One of the poetic manifestations of Hughes’ view of death
is THE CROW. This symbolic animal has been used in different occasions to make
reference to the world of darkness, of death. “Hughes himself was such a mythic
poet. Through myth he had all the intensity and drama of life and death; to
recognisable patterns of human behaviour“.TED HUGHES HOME PAGE.
This way Hughes, as once Poe did with his Raven, seeks
in the roots of his own culture to find a character that could express all the
feelings, all the dark thoughts that a human being could not.

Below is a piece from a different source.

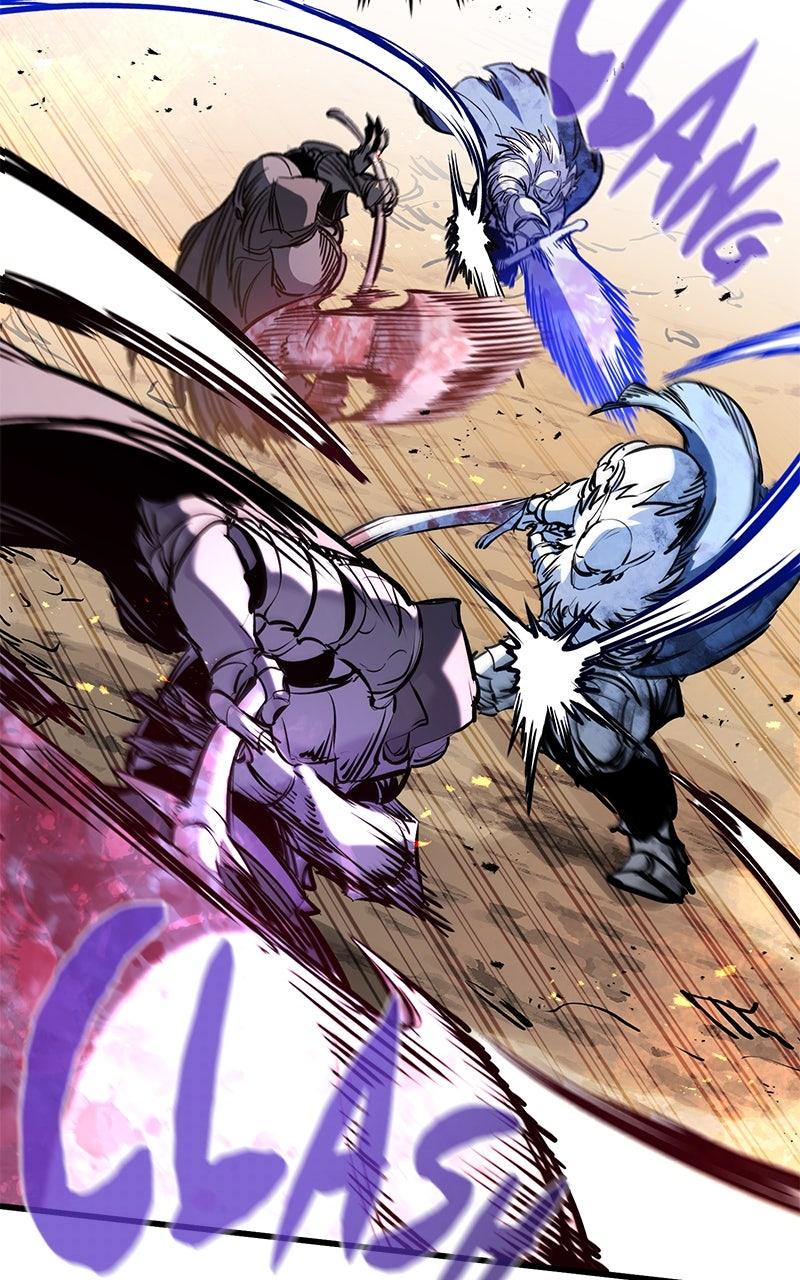 The Regressed Mercenary Has a Plan Chapter 41 — page 121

In this poem Hughes makes a series of questions, of
transcendetal questions that seem to have no answer in the real touchable
world, questions that will only find one answer: DEATH. Here we see how
obsessed the mind of a person can be by the repetition of the linguistic
structures, the same than in Poe’s poem. Death is one of the keys to understand
Hughes’ poetry. With these questions he transforms death as the most powerful
being in this world. It is stronger than any kind of feeling:
3 hope, 4 will, 5 love, 6 life.
This way he deletes humanity as independent thinking
subjects. He gives all the power to
Death. He was so fearful so afraid of that unknown element, and his fear was
justified by those tragic events named below.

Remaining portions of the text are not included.